Divorce and Children: Show Them Their Inner Beauty

Children are our future. As parents, our duty is to show them how to behave. Lead by example, as we are their heroes and they look up to us. Our parental role is to model core beliefs and moral values. Nurturing healthy minds is on a par with other great social challenges.

Children and Divorce

Model responsible behaviour during divorce

When faced with a break-up and divorce, our responsibility as parents is to uphold these beliefs and values. In the early years, children are like sponges and are impressionable. If you shout, scream or lash out, they will think that is acceptable behaviour. They will mimic what they see and carry unsociable conduct into their adult lives, because they know no different. Splitting up, co-parenting, or being a single mum or dad does not mean that your children will be dysfunctional, so long as you behave in a responsible, dignified and mature manner. You are the teacher.

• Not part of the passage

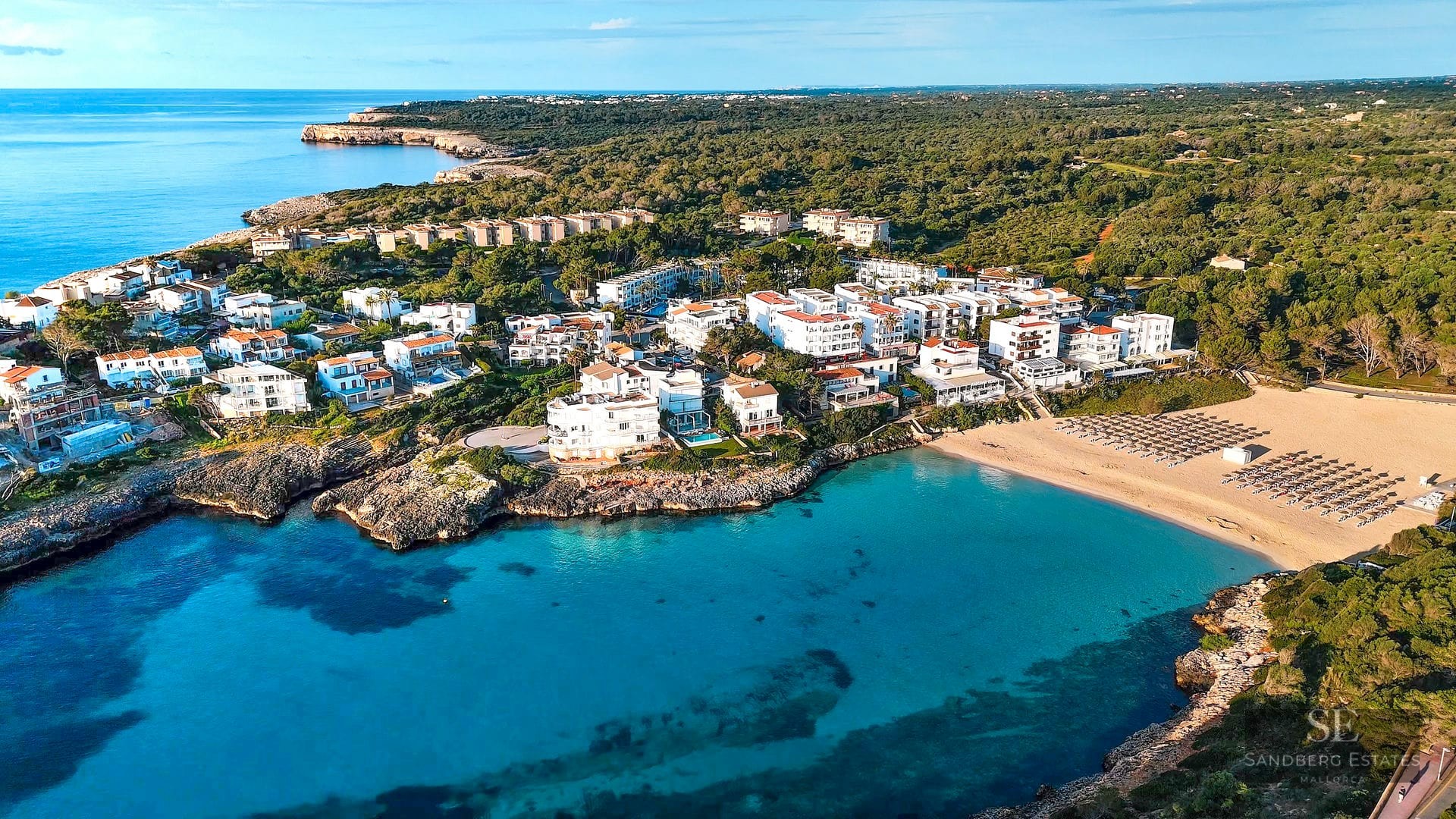 Aerial view of a turquoise bay with a sandy beach and white buildings nestled between rocky cliffs and green forest.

Children are not objects to be used in the push and pull of divorcing parents. They are not possessions to be fought over and divided up. They are precious, sensitive young people who are growing and require both their parents to put their needs before their own. Keep listening and talking to your children. Ask them how they are feeling. By communicating, co-operating and keeping a close relationship, your children will not suffer as a result of your separation.

Children and Divorce

Understand the root of any bad behaviour

Children do not know how to verbalise how they are feeling and, let’s face it, nor do most adults! This might come as a surprise to you, but according to The Emotion Wheel by Dr Robert Plutchik we can experience 34,000 emotions, because there are many different layers and dimensions. If your son or daughter is being rude, disruptive or naughty, then the root cause of this could possibly be frustration or fear. 

To alleviate your child’s fears and worries, support them by reminding them that they are loved by both parents. Be honest when talking about the breakup, but remember to take into account their age and level of understanding. Avoid any negative feelings you have for your ex-partner, and don’t point the finger at either party. You are divorcing each other, not your children.